India’s PVC pipe manufacturers to post over 10% revenue growth in FY26: Report

New Delhi: India’s polyvinyl chloride (PVC) pipe and fittings manufacturing sector is expected to see a 10-11 per cent growth in revenue this fiscal, driven by strong demand from the end-user segment and a more stable price environment, a report said on Wednesday.
After a steady revenue growth in the previous fiscal, manufacturers are expected to see a recovery this fiscal, Crisil Ratings said in its latest report. This increase in demand is due to positive momentum in government schemes such as Jal Jeevan Mission, Pradhan Mantri Awas Yojana and other construction activities.
Himank Sharma, director, Crisil Ratings, said, “Demand for PVC pipes and fittings has remained strong in recent times due to government schemes such as Jal Jeevan Mission and Pradhan Mantri Awas Yojana, which are schemes focused on water supply, sanitation and housing sectors.”
This growth will reduce manufacturers’ high-cost inventory as dealers start re-stocking channels and partially offset the 130 basis points decline in operating margins in the previous fiscal.
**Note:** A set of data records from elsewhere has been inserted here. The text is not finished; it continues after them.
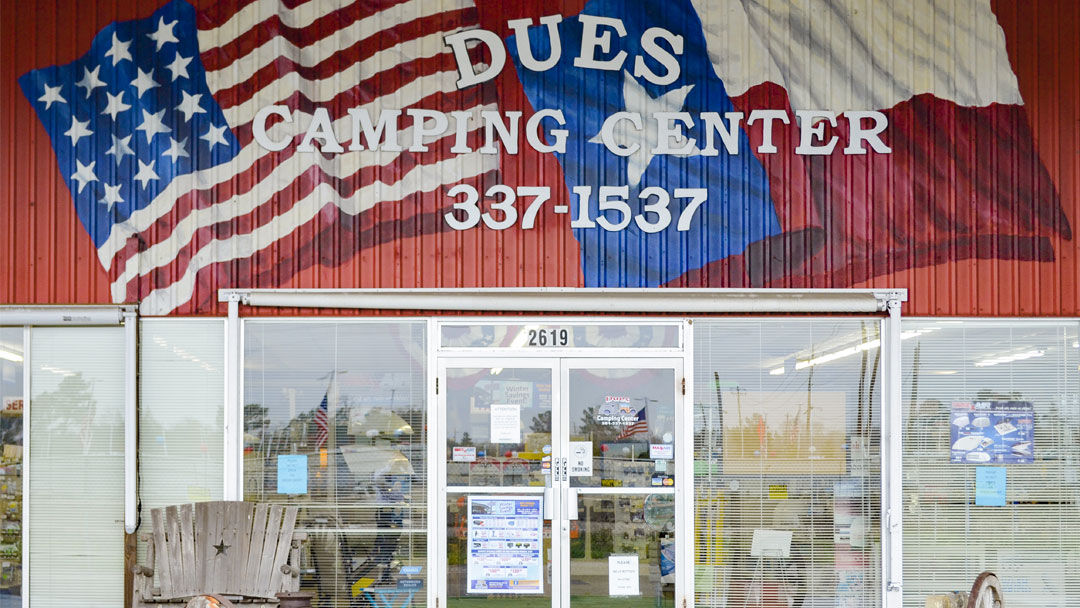 Services & Products Dues Camping Center in Dickinson TX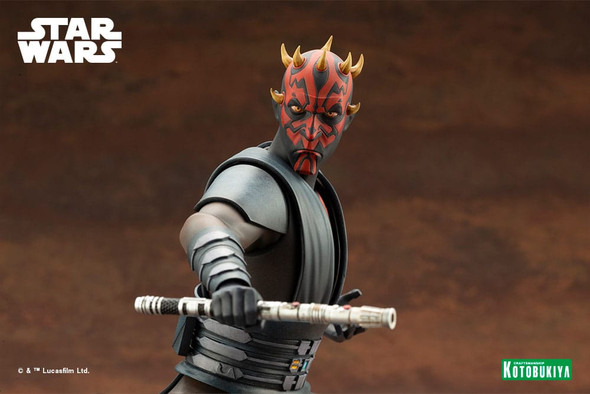 PREORDINE 05/2024 ARTFX Star Wars - The Clone Wars Darth Maul Clone Wars Edition 1/7 Figure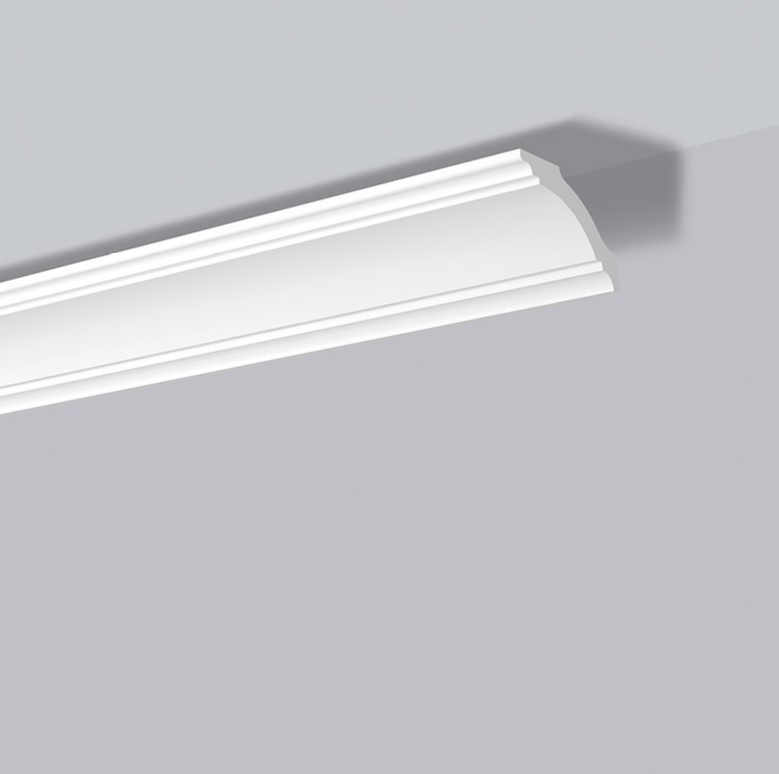 Ideal — Потолочный плинтус NMC LX-73 (GK) /90мм 50x75x2000 мм. NMS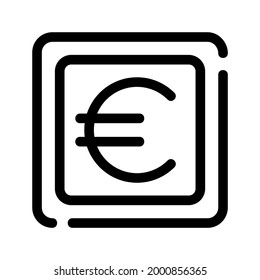 euro icon or logo isolated sign symbol vector illustration - high quality black style vector icons
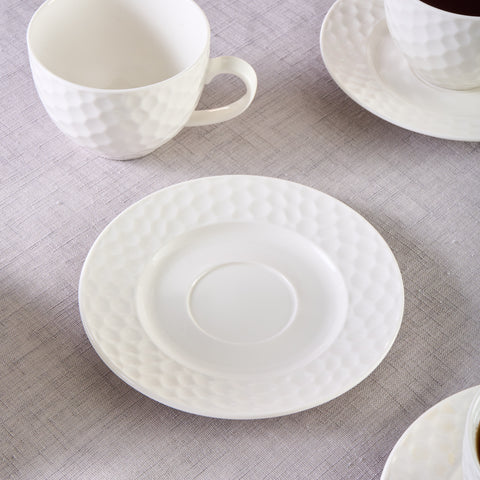 Karaca Nora Emboslu Çay Fincanı Seti, 6 Kişilik, 220 ml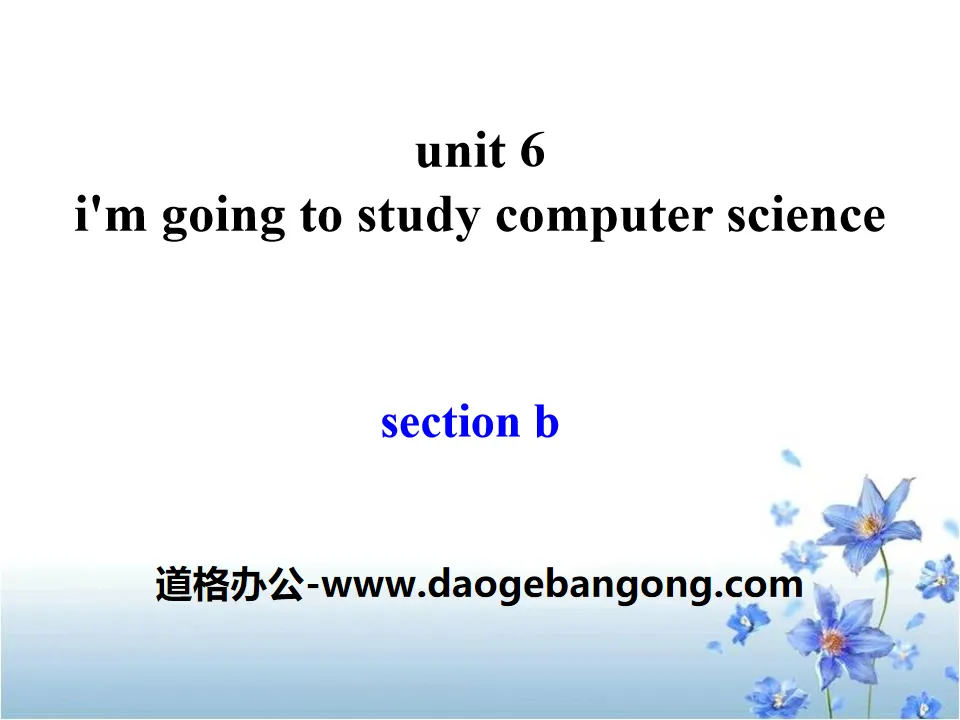 《I'm going to study computer science》PPT课件23
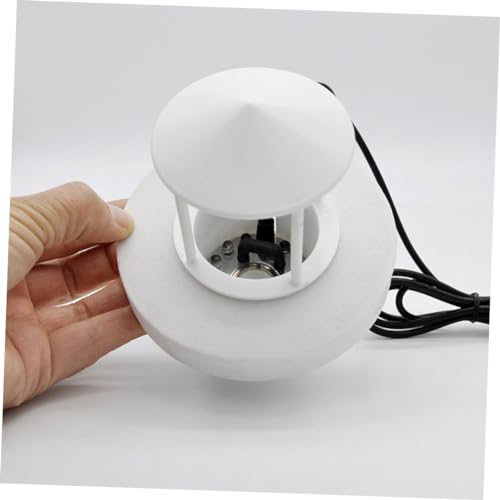 Kisangel Portable Humidifier Splash Guard for Rockery Fish Tank Water Anti-Splashing Plastic Cover Easy Installation Reusable Humidifier Cover for Mist Maker Use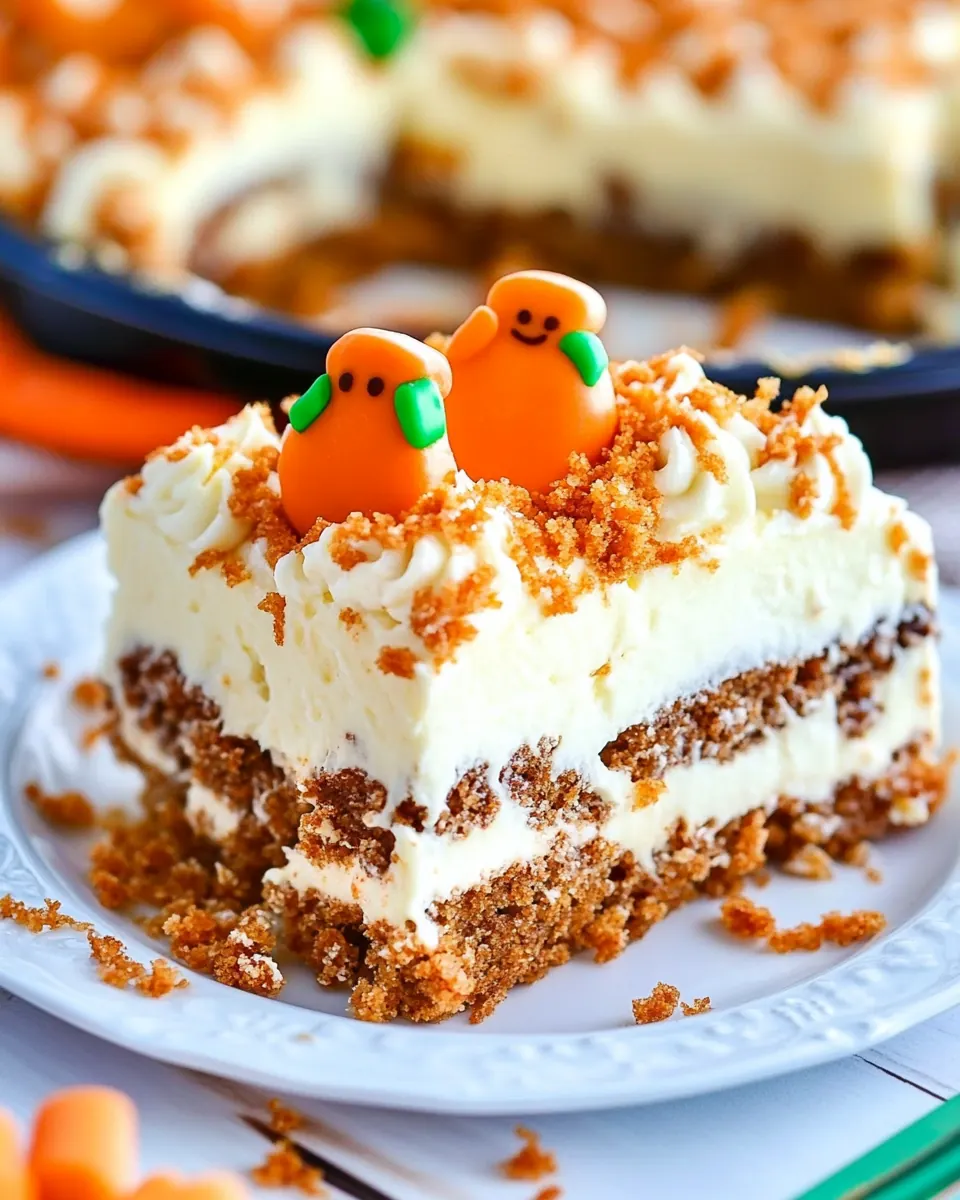 Carrot Cake Poke Cake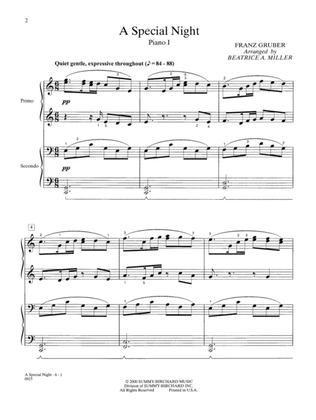 Book cover for A Special Night: An Arrangement of Silent Night - Piano Quartet (2 Pianos, 8 Hands)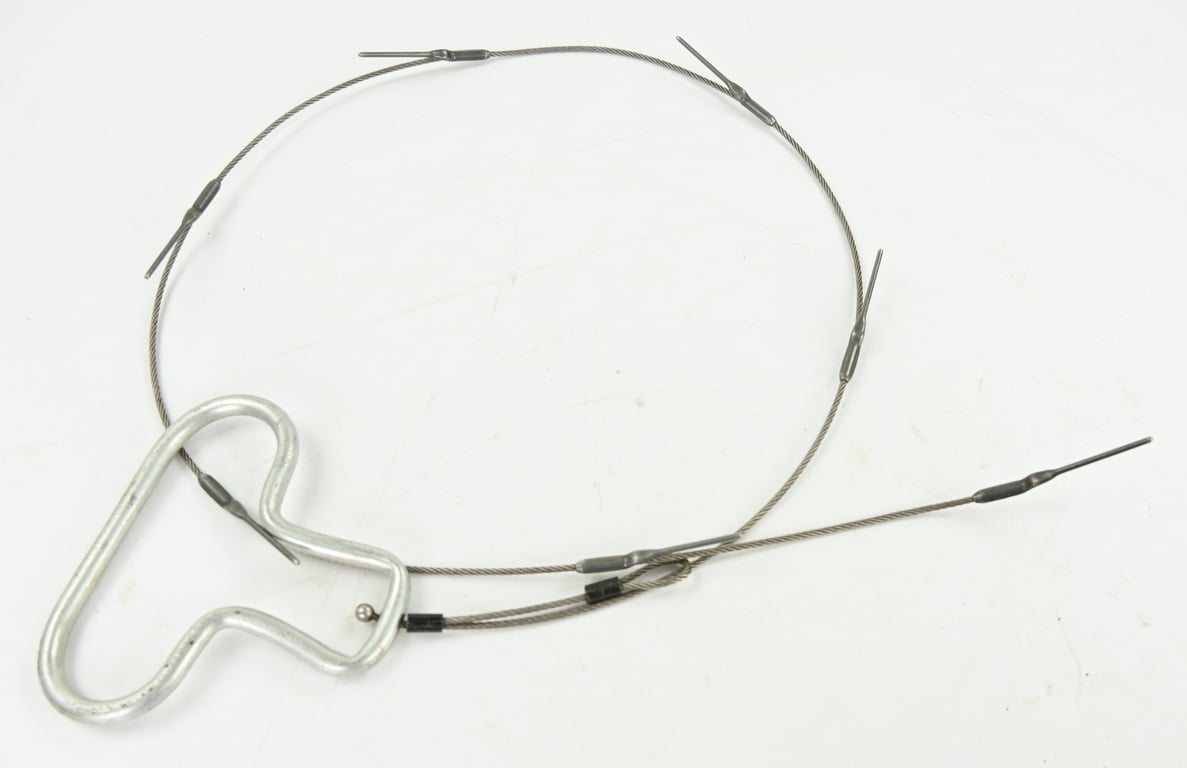 USAAF WW2 Seat Pack Parachute Harnass Pull Handle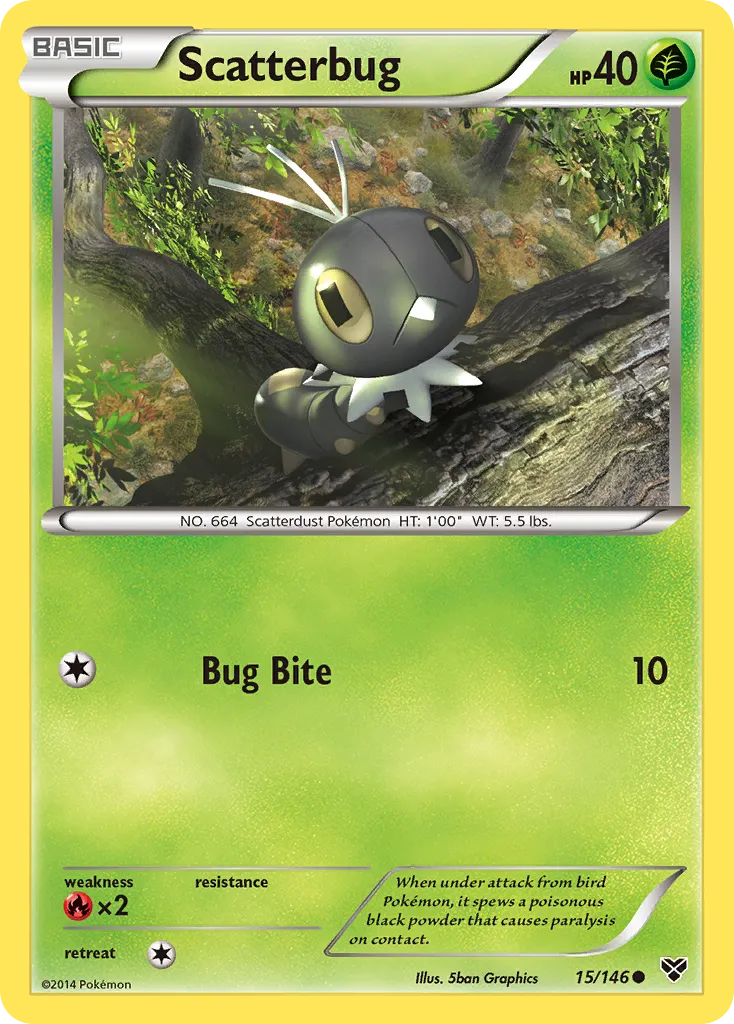 Scatterbug — XY Base Set — Pokémon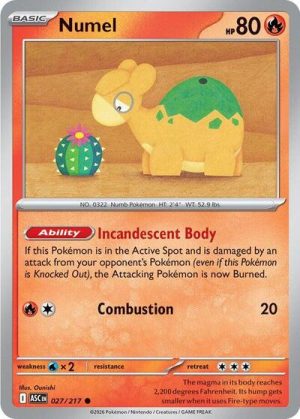 Numel 027 217 - 027/217 - ME: Ascended Heroes - Inglés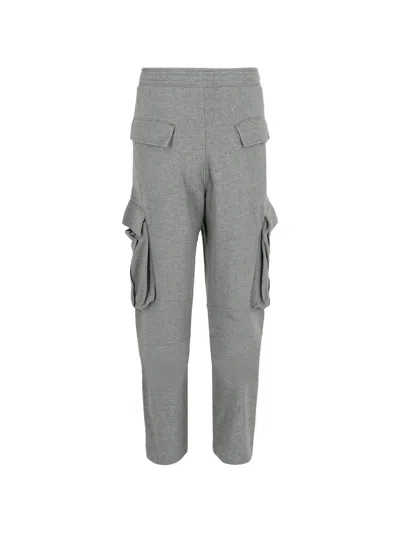 Givenchy Jersey Cargo Trousers In Gray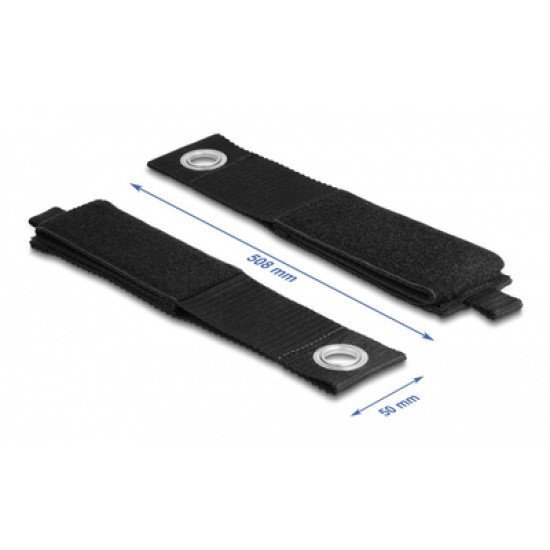 Delock Ιμάντες Τύπου Velcro 19573, 50.8 X 5Cm, Μαύρος, 5Τμχ Delock Ιμάντες Τύπου Velcro 19573, 50.8 X 5Cm, Μαύρος, 5Τμχ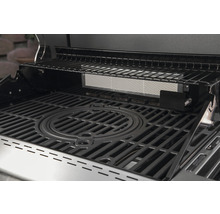 Gasgrill Nexgrill 4 Brenner+Rückbrenner+Seitenbrenner schwarz inkl. Ablage,Deckelthermometer,Fettauffangschale,Grillrost,Hitzebeständiger Griff,Rückwandbrenner,Seitenablage,Seitentisch,Warmhalterost Grillrost Gusseisen emailliert
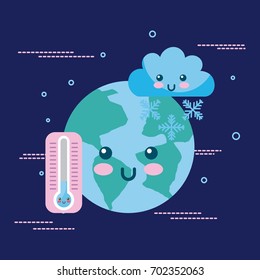 Climate objects cartoon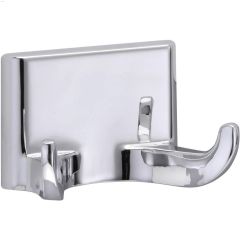 Sunglow Polished Chrome Double Robe Hook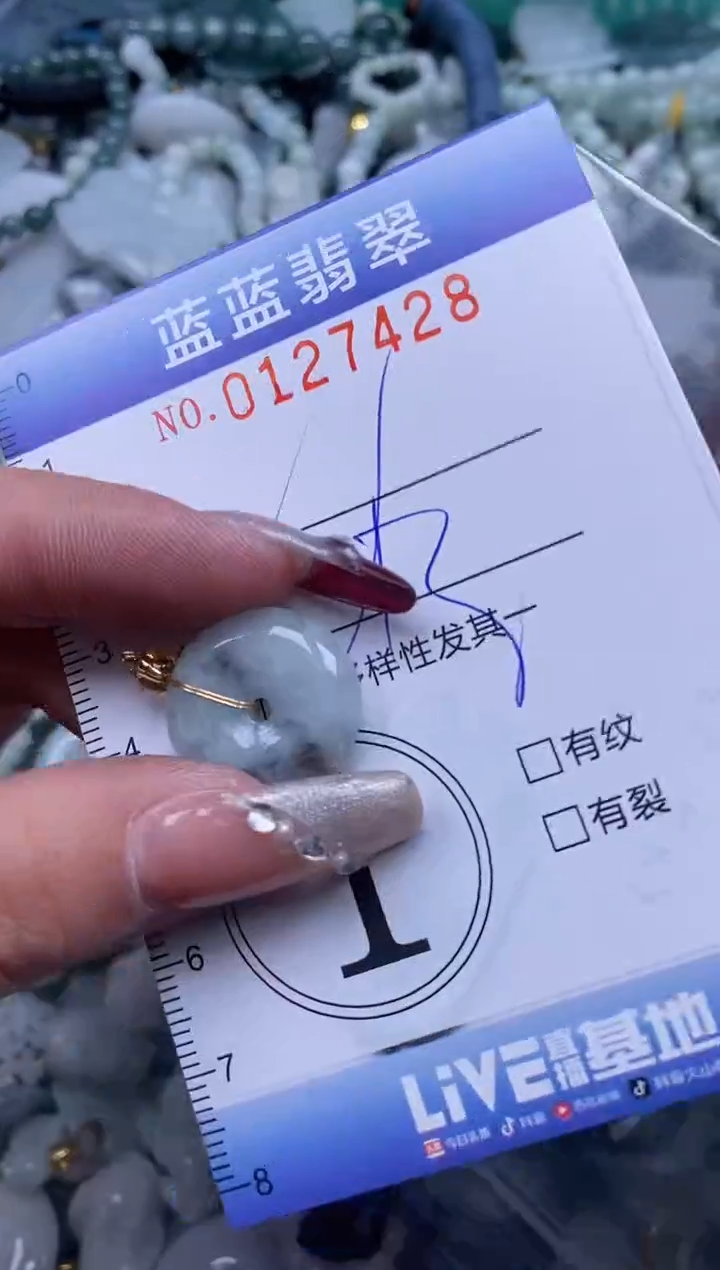 【闪购商品】翡翠颈饰未镶嵌闪购0127428多样性发其一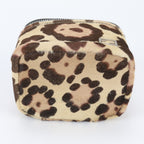 Fendi Calf Hair Leather Leopard Print Vanity Handbag Tote — view 5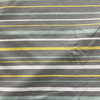 Rail in Frost | Upholstery Fabric | Green Yellow Taupe Stripes | Medium weight | 54" Wide | By the Yard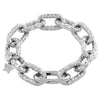 Rebecca Diva Textured Oval Link Bracelet, Silver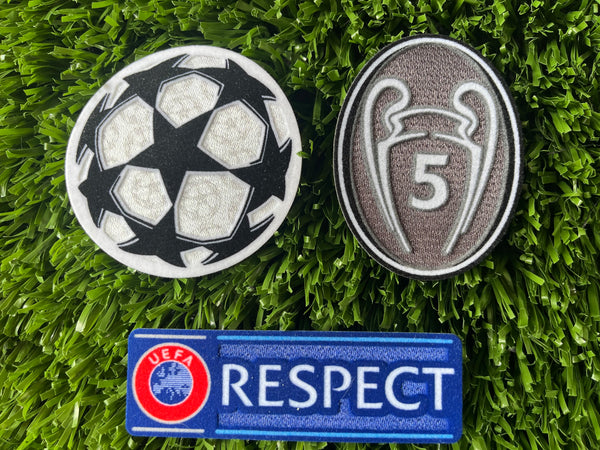 2015-2021 FC Barcelona Badges Kit Starball BOH5 Respect Sporting ID Champions Player Issue Adult Size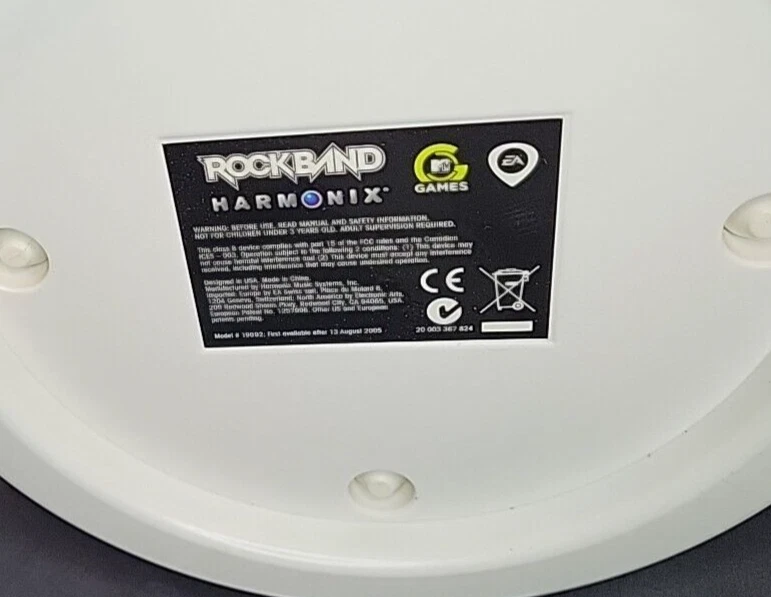 Juego de batería Nintendo Wii Rock Band paquete batería con cable sin palos - Rock Band 1 juego Foto 4 de 4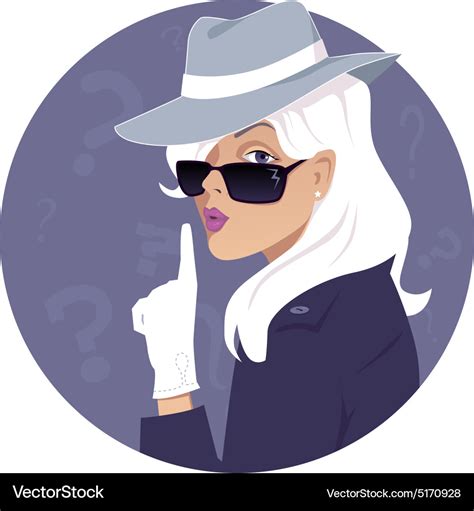 Mystery woman Royalty Free Vector Image - VectorStock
Improved profitability and reduced inventory levels will also reduce manufacturers’ working capital requirement and provide scope for capacity expansion without putting pressure on balance sheets, the report said.
According to the report, 16 PVC pipe manufacturers have indicated growth potential this fiscal, with cumulative revenues of over Rs 30,000 crore, accounting for two-thirds of organised sector revenues last fiscal. “Demand for irrigation and water supply projects, which contribute nearly three-fourths of sector revenues, remains strong given government incentives in these sectors,” the report said.
This fiscal, driven by demand and stable prices, production volumes are expected to grow rapidly, the report said. Higher production volumes will help manufacturers grow revenues by 10-11 per cent and increase operating rates, pushing operating margins to 13.5-14 per cent this fiscal.
“Further, improved demand will also lead to re-stocking by dealers and lower inventories with manufacturers by 8-10 days, thus curbing credit growth,” said Rushabh Borkar, associate director, Crisil Ratings.